Translated from the original Dutch by Ina Rilke
Mulder, a Dutchman, returns at last to South Africa, his memories scattered by forty years and two strokes.
Once he fought to free the country from apartheid; now he finds its people asking whether years of democracy have left them any better off. The village where his friend Donald – a comrade from his Fraternité days – lives is as segregated as ever: fishermen struggle to eke out a living and kids wreck their brains with crystal meth.
Tensions are high: Donald wages a campaign against the local mayor; every day the whites add inches to their perimeter fences. So when Mulder and Donald attempt to help a young tik-head get clean against his will, their muddled good intentions can only be misunderstood…
About the Author
Adriaan van Dis is a Dutch author with roots in what was the Dutch East Indies (now Indonesia).

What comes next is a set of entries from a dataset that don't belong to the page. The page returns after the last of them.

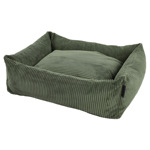 Cocoon Rib Olijfgroen  90x70x22 cm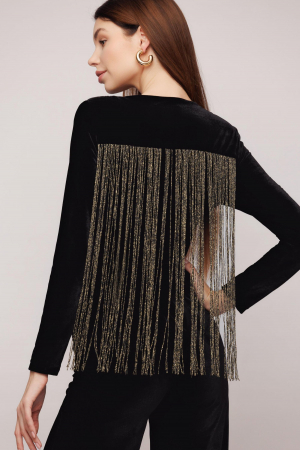 Salopeta 4492 catifea neagra Mizar [5]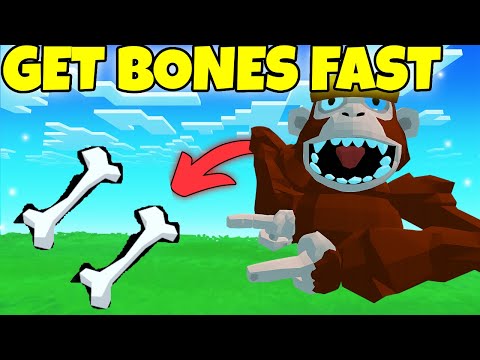 How To Get BONES FAST in UG VR For Starters!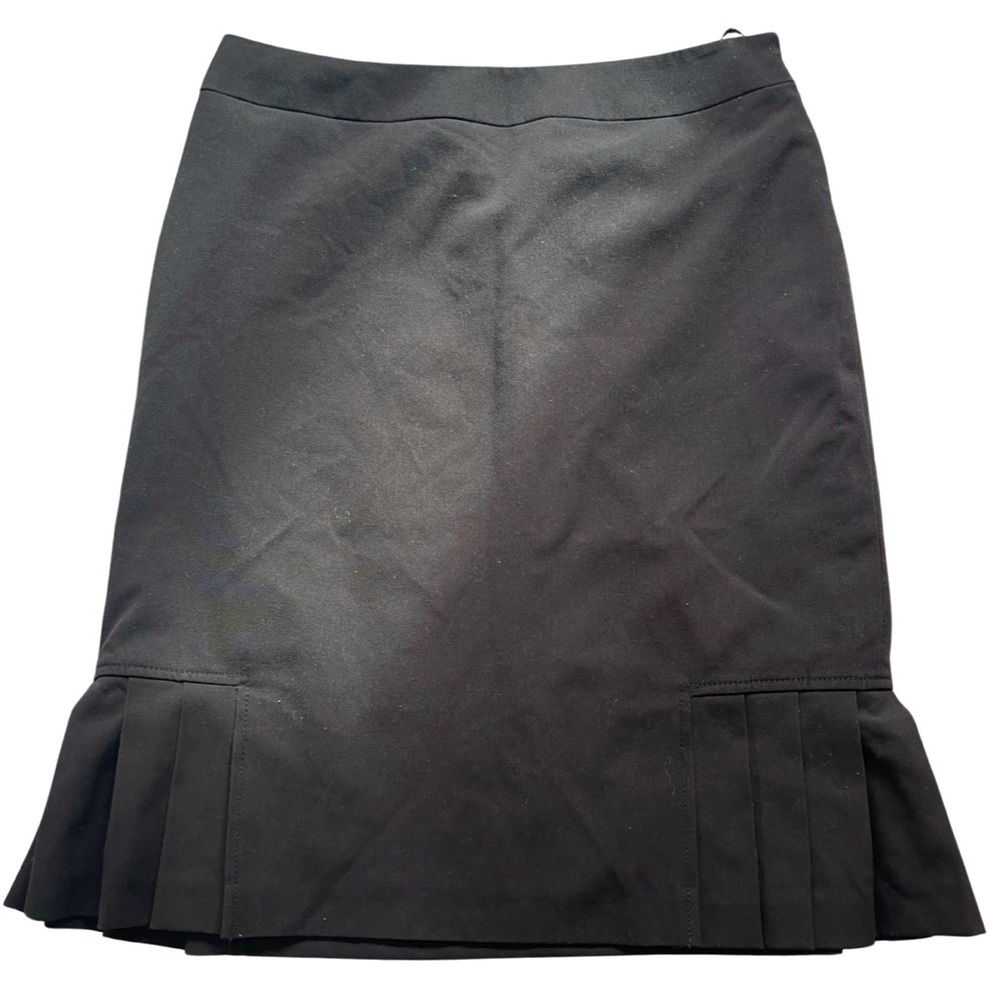 TAHARI  women Black Skirt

As a young man he studied Afrikaans at Amsterdam University. His novel My Father’s War won a number of awards in the Netherlands and was translated into English by Ina Rilke.
About the Translator
Ina Rilke is the prize-winning translator of books by Cees Nooteboom, W. F. Hermans, Erwin Mortier, Tessa de Loo, Dai Sijie and Margriet de Moor.
A novel of political importance, beautifully written. Dutchman Mulder visits with his old friend Donald as he returns to South Africa, a land he knew during the days of apartheid. Life may have moved on and apartheid ceased but some things have worsened, different isn’t necessarily better. The black townships still suffer and squalid conditions still prevail for those not black enough. Van Dis brings a story of deprivation without preaching, instead he shows us the results of the complex contributions flawed humanity, politics, power and resource distribution have made in South Africa. What happens when two white men, forty years ago active in the resistance against apartheid, meet each other again? Does the new South Africa reflect their old ideals?
A man returns to South Africa in search of his past. Within a world of crime and corruption he takes pity on a drug user. South Africa of the poor can be smelled in this magnificent novel full of character. The poor whose only wealth is hope. Direct dialogues, colourful descriptions, and a very nice psychological profile of the main characters.